By Aaron C. Davis
Maryland officials in recent weeks quietly removed the mug shot of convicted child molester Robert M. Haines Jr. from the state’s sex-offender registry.
They also deleted the Internet link to the former middle school teacher’s guilty plea to charges he abused a 13-year-old student decades ago. Haines’s physical description, the address of the cottage he lives in near Annapolis, the make and model of the car he drives: Everything the state had tracked for years to keep him from anonymity was erased.
Haines was removed not because he was exonerated of his crime. His information was taken down because of a recent ruling by the state’s Court of Appeals declaring sex-offender registration unconstitutional punishment for those who committed crimes before the registry began in 1995.

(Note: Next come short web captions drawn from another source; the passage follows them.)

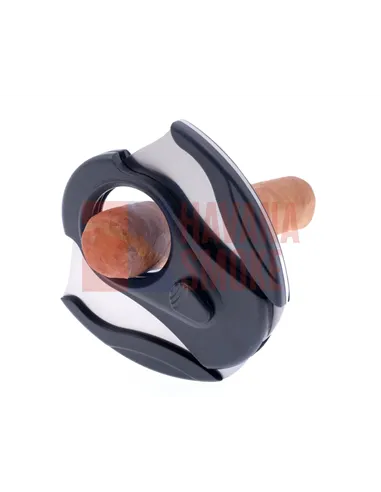 Гильотина Passatore типа Xikar, пластик, черная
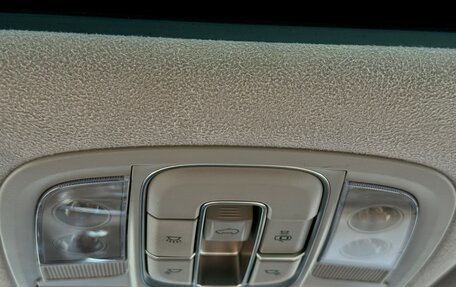 Hyundai Santa Fe IV, 2018 год, 2 800 000 рублей, 23 фотография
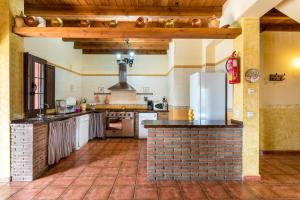 ImagenCasa Rural Loma El Letrao 4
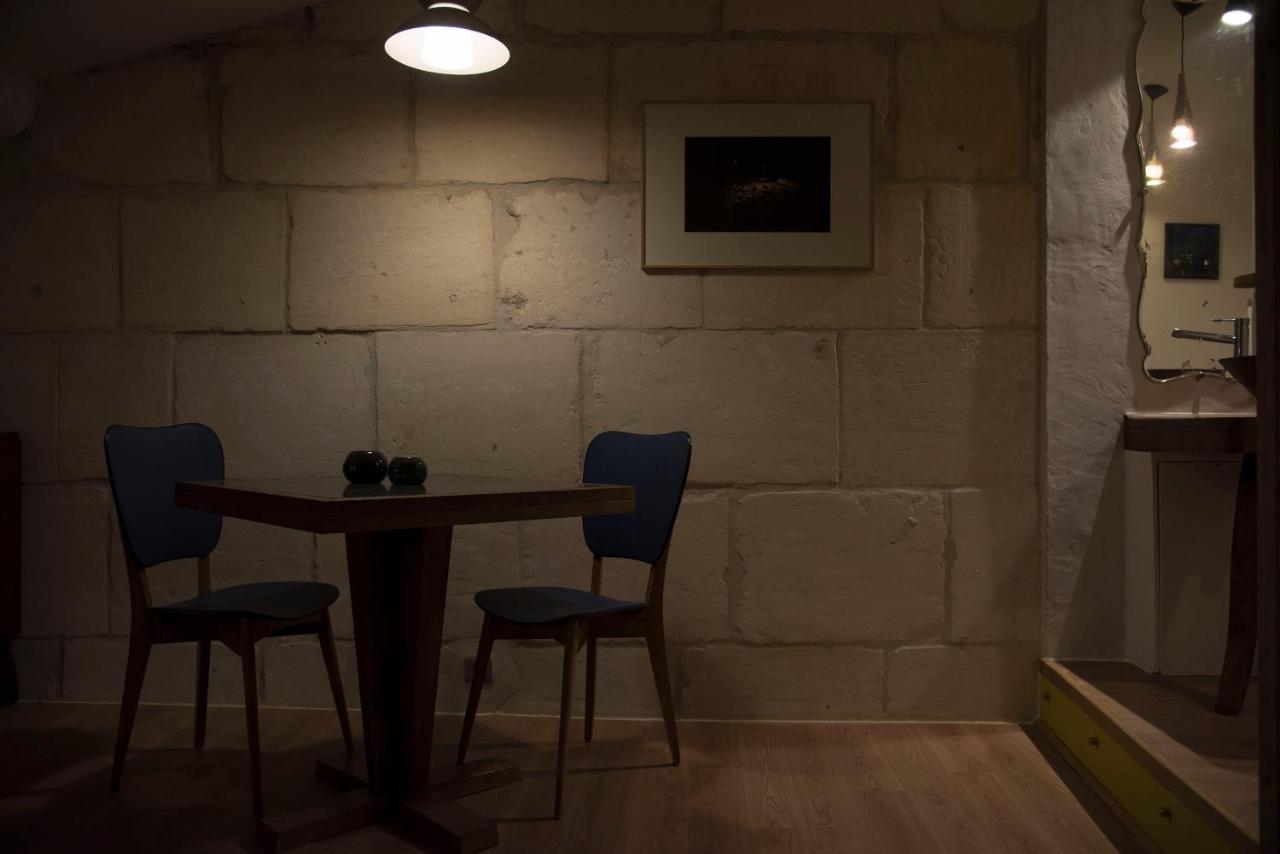 Les Chambres D'Agmara Arles Exterior foto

Under the ruling, Haines may be the first of almost one in four registered sex offenders who Maryland could be forced to scrub from its online database. Maryland officials are now bracing for the possibility that a wave of lawsuits following his case could require the state to delist roughly 1,800 of its 8,000 registered sex offenders, state records, e-mails and interviews show. State officials say they’ll forcefully challenge each suit.
And the fallout could go further. The state’s second-highest court is now weighing whether the Haines case should be applied to a broader group, beginning with a Montgomery County man who pleaded guilty in 2001 to preying on a 12-year-old Pennsylvania girl over the Internet.